I have great respect for Sir Kevan Collins, Chief Executive of the Education Endowment Foundation, an organisation which has done some great work over the past six years. I have read sensible, balanced comments from Kevan who seems ideally suited to his current role, looking at evidence to help educators make informed choices about where best to spend their time and resources.
The TES recently reported on Kevan’s contribution to a debate organised by UCL Institute of Education about the use of evidence-informed practice in education, during which he was asked about Twitter debate into the relative merits of ‘progressive’ and ‘traditional’ approaches. Kevan’s response was:
“I think it’s great that people are having this [debate], but I think we need compassion, we need more respect amongst each other and we need to honour collaboration.
“What we must reject is not ideas, but we must reject this idea that we have to only have debates in education in this awful, polarised, adversarial way.”
This made me reflect on my own experience of Twitter.
I joined Twitter on 2011 and have used it extensively over the past seven years to connect with others in education and to share ideas, resources and debate on various educational topics. I have found it a generous, generally good-humoured, constructive and energising channel of communication and have learnt hugely from my Twitter interactions. It has opened my eyes to the range of educational blogs out there (and motivated me to blog via @staffrm originally, and now here). I feel I have given and gained, contributed and benefited, from my involvement in Twitter and blogs. Many of those I met originally through the world of Twitter I have subsequently met face to face, and some of them I now consider good friends. Twitter has been transformative for me – even in this post-career phase of my life. It has offered me opportunities – to work, to write and to engage in some enjoyable and productive spin-off events. The #WomenEd initiative was largely dependent on Twitter and blogs for its inception, development and growth. I consider I owe Twitter and those who engage with it a considerable amount, and I believe the world of education does, too.

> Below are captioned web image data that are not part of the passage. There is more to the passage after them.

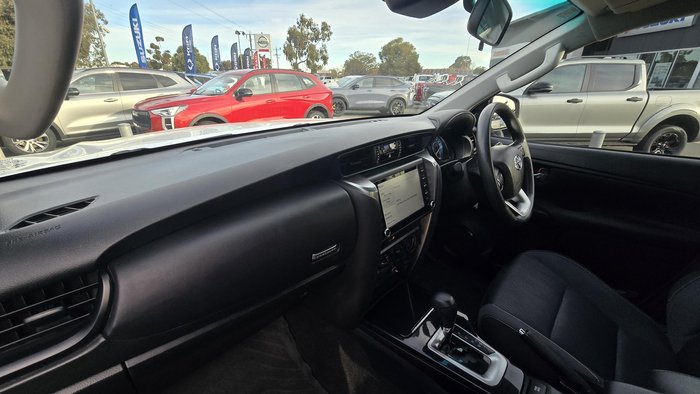 2021 Toyota Fortuner GX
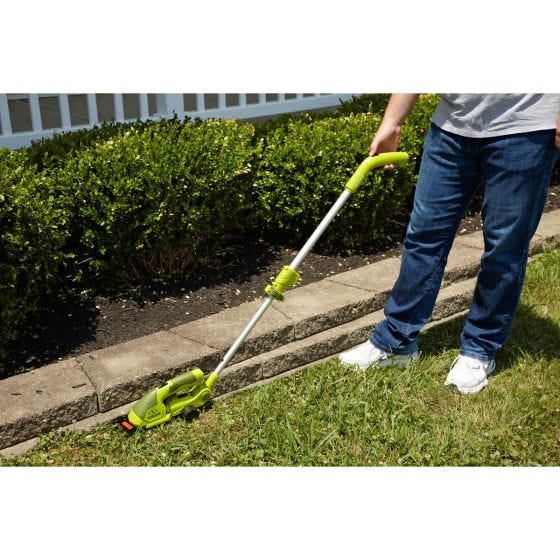 Cordless Grass Shear & Shrub Clippers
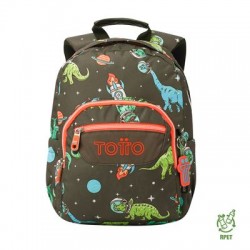 MOCHILA TOTTO GOMMAS...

However, I am fully aware of the debates which can rage on Twitter and how healthy disagreement can become angry, personalised and aggressive. I am aware of those who seem never able to “let it go” (and I often think of the ‘Frozen’ song and what a useful mantra it is) – those who are determined to have the last word and for whom conceding another point of view might have validity and they might, perhaps, NOT have all the answers, is difficult. So I see the ‘awful, polarised, adversarial’ side of Twitter, but I can ‘let it go’ and rise above it, refuse to be drawn into it and not allow it adversely to affect my engagement with the exchanges I find much more positive and affirming – not because I am only interacting with an ‘echo chamber’ of voices who agree with my own, but because I see that disagreement can encourage reflection and, sometimes, rethinking what you thought you thought. And I say that as someone who taught for 30 years and has been very much involved in education for eight years more. In my experience, education is far more complex and nuanced than some would leave us to believe. There IS no silver bullet and no single answer – much depends on context and specific circumstances.
My concern is that those who see Twitter as aggressive, confrontational and point-scoring, (where the motivation of a tweeter is simply to prove how clever they are and to use their intelligence to cut others down to size), will never engage or will withdraw from Twitter, bruised by their experience. I HAVE seen, to quote Sir Kevan, great compassion, respect and collaboration on Twitter and in the world of blogging. This encourages me to rise above the ‘awful, adversarial, polarised’, to take care who I follow, listen to, retweet and respond to (and how I respond), and never to forget that there is a huge amount of positivity out there too. Let the rest go.